# Xbox 360 Headset Recommendations



## O`Neil (Aug 13, 2007)

I know nothing about headsets whatsoever.

The only set I`ve used are the ones that come with your Xbox and I`m guessing there`s alot better to be had.

I have a budget of about £75, if they`re less well that`s even better but I could stretch the budget a little, and I`m wanting to buy them from a high street store.

Turtle Beach come up in searches and seem to be popular but as to what model to go for I`m unsure.

So any recommendations of what set and why, thanks


----------



## davies20 (Feb 22, 2009)

I've got some gio tech ones because I didn't like the fact the turtle beach have so man n the range varying in price massively! 

Anyway, I th k my gio techs are much more comfy than turtle beaches personally, but turtle beach sound is slightly better.

Gio tech for a budget, turtle beach if your prepared to spend 75+


----------



## Matty03g (Feb 5, 2012)

I've got the official Xbox wireless headset mate which is good, plus it has the Bluetooth option which I use to play my ps vita:thumb:


----------



## O`Neil (Aug 13, 2007)

Argos currently have PX3 for half price, any good?

http://www.argos.co.uk/static/Product/partNumber/9052530/Trail/searchtext>TURTLE+BEACH.htm


----------



## wanna veccy (May 7, 2009)

nowt wrong with them matey the difference they make to game sound is amazing.
i have the turtle beach x31 at the mo but had a wired set of turtle beach before these. with the wireless headsets you'll need a battery charger as mine need charging every three days(about 12hrs). any headset from turtle beach or triton £45> you will not go far wrong


----------



## O`Neil (Aug 13, 2007)

Thanks for the input so far, I`m grateful for any more info.


----------



## O`Neil (Aug 13, 2007)

After reading a few reviews I`ll probably go for something wired, as for what I just don`t know.

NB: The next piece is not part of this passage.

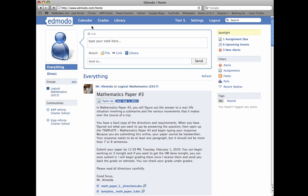Alright, so for tonight's homework, as I told you in class, there's going to be a math paper that's due for tonight, and so here's how you're going to check it out.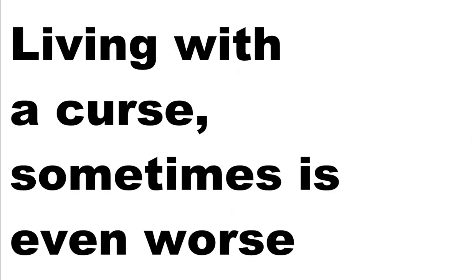Living with a curse, sometimes it's even worse. It slowly kills me every day. Something I despise, let's go and take my life. I guess I'll try again today.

Turtle Beach X12 or PX21, both are within budget, anyone know if there`s much difference apart form a few £s?


----------



## Z Benjamin Z (Jul 18, 2011)

Iv got some Astro A40 they are awsome! byfar one of the best head sets around but you get what you pay for with headsets. They also look wicked and are customisable.


----------



## Oats (Apr 9, 2012)

I've got Sennheiser's that are Xbox specific (can't remember the model number) and I think they were £80. The sound is certainly better than my old Turtle's (X1s I think). Mic seems clear to others and has independent game and chat vol. Only downside for the money is that the mic boom is rigid so it moves up and down but not further or closer to your mouth.


----------



## B005TED-G (Jan 5, 2012)

I've got a set of Mad-Catz Headphones. I believe these are the one I have but mine is a Gears of War 3 edition. Within your budget and The sound quality is fantastic.

http://www.google.co.uk/aclk?sa=l&a...=adwords_productfeed&rct=j&q=mad+catz+headset


----------